**Exercise**
Search the material for the string "pour", then show every line where it turns up.

**Available data**

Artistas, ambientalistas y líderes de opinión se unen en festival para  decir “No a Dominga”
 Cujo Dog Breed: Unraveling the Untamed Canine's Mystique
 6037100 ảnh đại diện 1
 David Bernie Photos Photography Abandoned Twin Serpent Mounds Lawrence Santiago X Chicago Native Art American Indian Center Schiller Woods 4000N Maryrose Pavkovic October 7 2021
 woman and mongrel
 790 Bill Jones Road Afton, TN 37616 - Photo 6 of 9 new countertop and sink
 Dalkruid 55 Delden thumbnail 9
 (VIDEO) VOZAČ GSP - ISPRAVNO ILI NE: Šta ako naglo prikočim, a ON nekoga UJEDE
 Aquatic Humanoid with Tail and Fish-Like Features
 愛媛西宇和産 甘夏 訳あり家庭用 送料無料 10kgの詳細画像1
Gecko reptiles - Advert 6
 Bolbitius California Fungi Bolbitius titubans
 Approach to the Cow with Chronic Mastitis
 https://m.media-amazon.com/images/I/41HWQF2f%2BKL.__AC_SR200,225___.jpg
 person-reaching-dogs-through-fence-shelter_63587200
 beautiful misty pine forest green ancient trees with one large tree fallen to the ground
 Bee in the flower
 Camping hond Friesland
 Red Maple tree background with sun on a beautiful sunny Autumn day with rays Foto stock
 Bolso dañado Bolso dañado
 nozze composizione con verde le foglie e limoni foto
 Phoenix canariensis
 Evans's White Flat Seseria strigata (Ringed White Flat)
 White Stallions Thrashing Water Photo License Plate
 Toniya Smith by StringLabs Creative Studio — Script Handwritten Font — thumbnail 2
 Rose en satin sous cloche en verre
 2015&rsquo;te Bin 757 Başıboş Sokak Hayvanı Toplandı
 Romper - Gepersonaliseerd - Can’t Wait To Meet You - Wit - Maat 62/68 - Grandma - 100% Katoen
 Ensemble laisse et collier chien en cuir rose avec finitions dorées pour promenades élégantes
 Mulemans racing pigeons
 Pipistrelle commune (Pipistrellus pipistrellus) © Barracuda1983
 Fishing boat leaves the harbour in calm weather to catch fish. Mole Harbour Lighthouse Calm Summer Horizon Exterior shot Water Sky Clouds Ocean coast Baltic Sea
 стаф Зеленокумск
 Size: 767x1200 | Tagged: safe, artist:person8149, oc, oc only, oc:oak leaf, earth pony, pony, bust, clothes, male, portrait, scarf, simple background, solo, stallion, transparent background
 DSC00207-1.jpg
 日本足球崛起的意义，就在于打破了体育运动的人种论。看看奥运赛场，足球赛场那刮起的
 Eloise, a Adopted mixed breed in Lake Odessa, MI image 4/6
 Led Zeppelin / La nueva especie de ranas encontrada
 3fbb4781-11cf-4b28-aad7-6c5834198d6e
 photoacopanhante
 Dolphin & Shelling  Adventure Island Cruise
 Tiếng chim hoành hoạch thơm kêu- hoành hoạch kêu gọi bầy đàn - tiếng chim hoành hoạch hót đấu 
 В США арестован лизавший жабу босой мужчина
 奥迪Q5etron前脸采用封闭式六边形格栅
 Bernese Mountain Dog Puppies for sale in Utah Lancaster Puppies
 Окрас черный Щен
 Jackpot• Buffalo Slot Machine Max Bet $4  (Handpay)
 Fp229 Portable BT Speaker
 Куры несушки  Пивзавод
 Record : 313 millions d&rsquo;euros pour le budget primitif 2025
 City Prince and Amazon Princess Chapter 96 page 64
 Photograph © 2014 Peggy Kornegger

**Answer box**
 Ensemble laisse et collier chien en cuir rose avec finitions dorées pour promenades élégantes
 Record : 313 millions d&rsquo;euros pour le budget primitif 2025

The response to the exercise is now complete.